Among them was a boy who claimed that a girl he knew kept sending him instant messages, asking for nude pictures of himself; the boy said he told his mother, who called the police.
Another boy in the class said he received an instant message asking his age while he was playing an online computer game. “I find that really creepy,” he said.
Several of the Edmunds staff stayed behind to discuss the presentation and the need for more like it. Edmunds librarian Kathy Neil recalled that when she was in fifth grade, the cops used to come around to warn kids about drugs and their various street names.
Today’s pushers are online. Melissa Hathaway, Edmunds’ school counselor, said it’s vital to “get this information to kids before they’re in the thick of it.” She wondered aloud whether her school could offer internet-safety classes earlier — both to the kids and their parents.

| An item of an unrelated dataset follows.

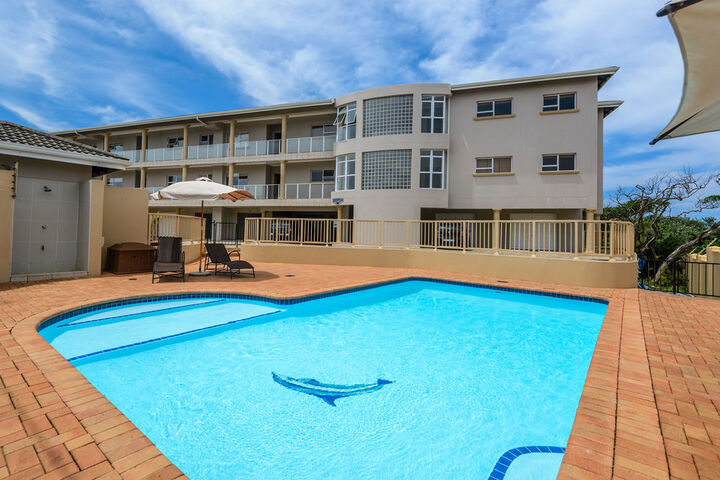Pool 19 of 21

“What we’re seeing is that parents are pretty concerned and aware of getting kids information about potential predators and being safe online,” Hathaway added. But they’re less worried about online interaction between their children and their peers. And that can be just as dangerous.
Berti explained that she’s already begun teaching a simpler version of this class to kindergartners. Neil said that she, too, has begun work with kindergartners and first-graders around digital safety.
How does one teach children so young about the dangers in the virtual world when they’re still learning about dangers in the real world?
The goal, Neil said, is to convey to them the idea that an online community can be just as exciting to explore as the real world — and just as perilous. As she told the little ones, “You wouldn’t go walking in the community without a parent with you, so you wouldn’t do that on the computer.”